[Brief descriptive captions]
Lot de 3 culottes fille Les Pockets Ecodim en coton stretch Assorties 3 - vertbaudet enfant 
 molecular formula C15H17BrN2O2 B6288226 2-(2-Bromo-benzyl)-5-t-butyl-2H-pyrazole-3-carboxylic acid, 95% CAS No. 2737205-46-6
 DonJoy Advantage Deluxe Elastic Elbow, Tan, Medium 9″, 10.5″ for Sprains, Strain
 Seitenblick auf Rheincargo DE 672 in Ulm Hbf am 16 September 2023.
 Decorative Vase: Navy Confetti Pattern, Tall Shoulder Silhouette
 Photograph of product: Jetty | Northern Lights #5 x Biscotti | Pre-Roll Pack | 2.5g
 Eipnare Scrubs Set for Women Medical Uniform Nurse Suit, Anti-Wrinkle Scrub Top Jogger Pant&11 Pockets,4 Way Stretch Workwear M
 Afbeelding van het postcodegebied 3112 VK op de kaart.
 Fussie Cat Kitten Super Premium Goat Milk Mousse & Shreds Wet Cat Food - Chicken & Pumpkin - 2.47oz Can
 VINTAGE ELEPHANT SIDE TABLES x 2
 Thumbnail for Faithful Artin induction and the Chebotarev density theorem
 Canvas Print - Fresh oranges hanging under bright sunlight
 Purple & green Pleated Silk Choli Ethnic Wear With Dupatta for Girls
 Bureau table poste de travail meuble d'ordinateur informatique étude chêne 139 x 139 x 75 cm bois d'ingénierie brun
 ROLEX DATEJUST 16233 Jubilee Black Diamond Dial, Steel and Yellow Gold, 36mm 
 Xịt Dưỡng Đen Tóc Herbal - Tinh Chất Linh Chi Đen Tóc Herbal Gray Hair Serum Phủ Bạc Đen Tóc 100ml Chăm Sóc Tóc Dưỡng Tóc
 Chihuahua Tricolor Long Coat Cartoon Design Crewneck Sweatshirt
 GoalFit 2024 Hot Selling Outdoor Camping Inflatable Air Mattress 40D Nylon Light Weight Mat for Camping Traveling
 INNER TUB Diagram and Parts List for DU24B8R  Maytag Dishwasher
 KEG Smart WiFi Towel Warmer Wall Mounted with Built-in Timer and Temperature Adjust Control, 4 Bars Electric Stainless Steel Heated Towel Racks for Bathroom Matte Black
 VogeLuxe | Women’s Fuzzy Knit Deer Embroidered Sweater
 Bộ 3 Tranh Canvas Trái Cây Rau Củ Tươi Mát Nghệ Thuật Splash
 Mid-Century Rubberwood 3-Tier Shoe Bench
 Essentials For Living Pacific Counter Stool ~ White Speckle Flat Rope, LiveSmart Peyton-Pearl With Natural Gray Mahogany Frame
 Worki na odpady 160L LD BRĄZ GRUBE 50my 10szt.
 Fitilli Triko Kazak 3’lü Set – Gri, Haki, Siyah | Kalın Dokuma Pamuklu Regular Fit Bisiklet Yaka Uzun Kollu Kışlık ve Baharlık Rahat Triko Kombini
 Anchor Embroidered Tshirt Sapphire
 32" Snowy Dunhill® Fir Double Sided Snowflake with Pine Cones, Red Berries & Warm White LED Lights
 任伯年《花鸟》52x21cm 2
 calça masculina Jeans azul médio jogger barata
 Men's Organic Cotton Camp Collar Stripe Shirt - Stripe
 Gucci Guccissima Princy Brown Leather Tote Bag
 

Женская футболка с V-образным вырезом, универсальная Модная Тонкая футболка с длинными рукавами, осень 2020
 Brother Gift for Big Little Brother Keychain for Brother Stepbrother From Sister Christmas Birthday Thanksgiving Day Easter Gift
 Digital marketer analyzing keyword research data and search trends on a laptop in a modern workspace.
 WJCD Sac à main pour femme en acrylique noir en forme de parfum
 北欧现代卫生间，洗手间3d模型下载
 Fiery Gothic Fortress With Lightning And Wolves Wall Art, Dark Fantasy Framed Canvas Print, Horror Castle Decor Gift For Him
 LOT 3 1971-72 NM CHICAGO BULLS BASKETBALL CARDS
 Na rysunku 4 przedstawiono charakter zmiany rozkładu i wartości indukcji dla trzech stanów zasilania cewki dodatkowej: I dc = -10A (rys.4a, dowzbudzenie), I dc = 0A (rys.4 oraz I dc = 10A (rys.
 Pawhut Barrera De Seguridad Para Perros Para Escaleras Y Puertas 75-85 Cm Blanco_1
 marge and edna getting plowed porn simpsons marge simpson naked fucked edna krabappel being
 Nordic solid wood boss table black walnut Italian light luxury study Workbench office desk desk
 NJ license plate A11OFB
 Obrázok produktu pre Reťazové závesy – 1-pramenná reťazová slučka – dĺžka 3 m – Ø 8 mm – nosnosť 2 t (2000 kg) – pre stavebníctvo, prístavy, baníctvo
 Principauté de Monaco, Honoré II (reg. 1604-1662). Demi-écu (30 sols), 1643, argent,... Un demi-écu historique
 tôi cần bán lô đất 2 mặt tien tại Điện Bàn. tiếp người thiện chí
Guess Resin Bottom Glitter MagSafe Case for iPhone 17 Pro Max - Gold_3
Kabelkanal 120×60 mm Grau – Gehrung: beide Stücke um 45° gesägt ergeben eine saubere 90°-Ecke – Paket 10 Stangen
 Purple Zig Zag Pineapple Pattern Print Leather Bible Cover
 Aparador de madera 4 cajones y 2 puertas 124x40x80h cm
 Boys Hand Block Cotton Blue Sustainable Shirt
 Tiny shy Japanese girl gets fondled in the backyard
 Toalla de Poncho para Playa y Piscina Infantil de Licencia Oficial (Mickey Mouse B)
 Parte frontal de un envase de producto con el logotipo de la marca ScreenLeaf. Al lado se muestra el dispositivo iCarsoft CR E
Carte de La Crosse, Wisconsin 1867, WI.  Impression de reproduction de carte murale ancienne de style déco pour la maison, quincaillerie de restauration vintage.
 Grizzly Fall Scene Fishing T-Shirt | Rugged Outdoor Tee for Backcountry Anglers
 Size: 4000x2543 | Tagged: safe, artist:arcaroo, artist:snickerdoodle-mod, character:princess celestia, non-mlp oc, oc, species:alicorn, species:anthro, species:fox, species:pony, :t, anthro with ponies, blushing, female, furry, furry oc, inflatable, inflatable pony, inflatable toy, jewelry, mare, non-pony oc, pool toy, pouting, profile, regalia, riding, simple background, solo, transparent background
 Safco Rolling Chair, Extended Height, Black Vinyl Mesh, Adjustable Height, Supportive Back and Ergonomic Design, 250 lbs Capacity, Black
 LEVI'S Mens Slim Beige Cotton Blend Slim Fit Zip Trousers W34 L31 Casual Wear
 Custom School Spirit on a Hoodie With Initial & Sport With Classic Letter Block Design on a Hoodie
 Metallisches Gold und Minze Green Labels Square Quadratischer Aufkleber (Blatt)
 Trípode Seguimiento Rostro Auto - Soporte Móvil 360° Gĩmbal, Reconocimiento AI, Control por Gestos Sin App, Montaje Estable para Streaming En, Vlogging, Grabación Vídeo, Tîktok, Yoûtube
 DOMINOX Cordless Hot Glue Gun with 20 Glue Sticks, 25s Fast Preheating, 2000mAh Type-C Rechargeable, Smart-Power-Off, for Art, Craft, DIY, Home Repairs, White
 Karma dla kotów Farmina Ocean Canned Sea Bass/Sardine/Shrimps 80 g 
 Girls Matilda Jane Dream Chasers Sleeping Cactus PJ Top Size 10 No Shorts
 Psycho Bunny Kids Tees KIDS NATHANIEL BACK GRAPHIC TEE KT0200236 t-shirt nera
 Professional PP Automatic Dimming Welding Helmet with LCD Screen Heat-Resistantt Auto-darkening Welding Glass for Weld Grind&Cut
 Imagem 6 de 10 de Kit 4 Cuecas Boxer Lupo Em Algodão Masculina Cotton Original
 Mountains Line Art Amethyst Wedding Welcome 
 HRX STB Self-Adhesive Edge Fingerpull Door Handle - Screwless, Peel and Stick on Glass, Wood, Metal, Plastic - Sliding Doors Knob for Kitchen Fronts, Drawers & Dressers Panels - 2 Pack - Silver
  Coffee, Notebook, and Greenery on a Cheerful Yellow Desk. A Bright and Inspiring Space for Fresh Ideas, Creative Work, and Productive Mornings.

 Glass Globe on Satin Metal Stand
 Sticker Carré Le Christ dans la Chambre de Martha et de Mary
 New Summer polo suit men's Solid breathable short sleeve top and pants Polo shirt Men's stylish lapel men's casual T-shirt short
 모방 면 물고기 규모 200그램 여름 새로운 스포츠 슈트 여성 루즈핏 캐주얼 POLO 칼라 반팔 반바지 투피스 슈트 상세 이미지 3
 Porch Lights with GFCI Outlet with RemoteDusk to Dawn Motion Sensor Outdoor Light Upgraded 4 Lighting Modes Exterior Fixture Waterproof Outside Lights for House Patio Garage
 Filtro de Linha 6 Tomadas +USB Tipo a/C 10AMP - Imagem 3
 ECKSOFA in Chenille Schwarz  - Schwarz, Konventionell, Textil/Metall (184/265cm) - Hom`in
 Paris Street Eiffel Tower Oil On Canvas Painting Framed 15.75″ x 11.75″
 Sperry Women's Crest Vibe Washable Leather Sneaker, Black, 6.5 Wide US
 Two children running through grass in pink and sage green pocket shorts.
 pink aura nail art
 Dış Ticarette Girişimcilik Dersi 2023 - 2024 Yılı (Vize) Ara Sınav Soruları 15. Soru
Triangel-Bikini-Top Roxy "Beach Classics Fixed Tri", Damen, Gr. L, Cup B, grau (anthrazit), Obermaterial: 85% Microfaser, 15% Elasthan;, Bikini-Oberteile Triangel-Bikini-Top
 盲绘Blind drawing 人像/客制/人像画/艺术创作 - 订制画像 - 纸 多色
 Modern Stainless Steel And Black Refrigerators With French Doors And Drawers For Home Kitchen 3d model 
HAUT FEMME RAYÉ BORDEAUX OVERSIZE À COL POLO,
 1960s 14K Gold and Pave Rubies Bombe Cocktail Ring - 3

Exercise brief:
The lines to extract from the data above begin with the line containing "Thumbnail for Faithful" and end with the line containing "Gucci Guccissima Princy". Extract them exactly, including both.

Exercise result:
 Thumbnail for Faithful Artin induction and the Chebotarev density theorem
 Canvas Print - Fresh oranges hanging under bright sunlight
 Purple & green Pleated Silk Choli Ethnic Wear With Dupatta for Girls
 Bureau table poste de travail meuble d'ordinateur informatique étude chêne 139 x 139 x 75 cm bois d'ingénierie brun
 ROLEX DATEJUST 16233 Jubilee Black Diamond Dial, Steel and Yellow Gold, 36mm 
 Xịt Dưỡng Đen Tóc Herbal - Tinh Chất Linh Chi Đen Tóc Herbal Gray Hair Serum Phủ Bạc Đen Tóc 100ml Chăm Sóc Tóc Dưỡng Tóc
 Chihuahua Tricolor Long Coat Cartoon Design Crewneck Sweatshirt
 GoalFit 2024 Hot Selling Outdoor Camping Inflatable Air Mattress 40D Nylon Light Weight Mat for Camping Traveling
 INNER TUB Diagram and Parts List for DU24B8R  Maytag Dishwasher
 KEG Smart WiFi Towel Warmer Wall Mounted with Built-in Timer and Temperature Adjust Control, 4 Bars Electric Stainless Steel Heated Towel Racks for Bathroom Matte Black
 VogeLuxe | Women’s Fuzzy Knit Deer Embroidered Sweater
 Bộ 3 Tranh Canvas Trái Cây Rau Củ Tươi Mát Nghệ Thuật Splash
 Mid-Century Rubberwood 3-Tier Shoe Bench
 Essentials For Living Pacific Counter Stool ~ White Speckle Flat Rope, LiveSmart Peyton-Pearl With Natural Gray Mahogany Frame
 Worki na odpady 160L LD BRĄZ GRUBE 50my 10szt.
 Fitilli Triko Kazak 3’lü Set – Gri, Haki, Siyah | Kalın Dokuma Pamuklu Regular Fit Bisiklet Yaka Uzun Kollu Kışlık ve Baharlık Rahat Triko Kombini
 Anchor Embroidered Tshirt Sapphire
 32" Snowy Dunhill® Fir Double Sided Snowflake with Pine Cones, Red Berries & Warm White LED Lights
 任伯年《花鸟》52x21cm 2
 calça masculina Jeans azul médio jogger barata
 Men's Organic Cotton Camp Collar Stripe Shirt - Stripe
 Gucci Guccissima Princy Brown Leather Tote Bag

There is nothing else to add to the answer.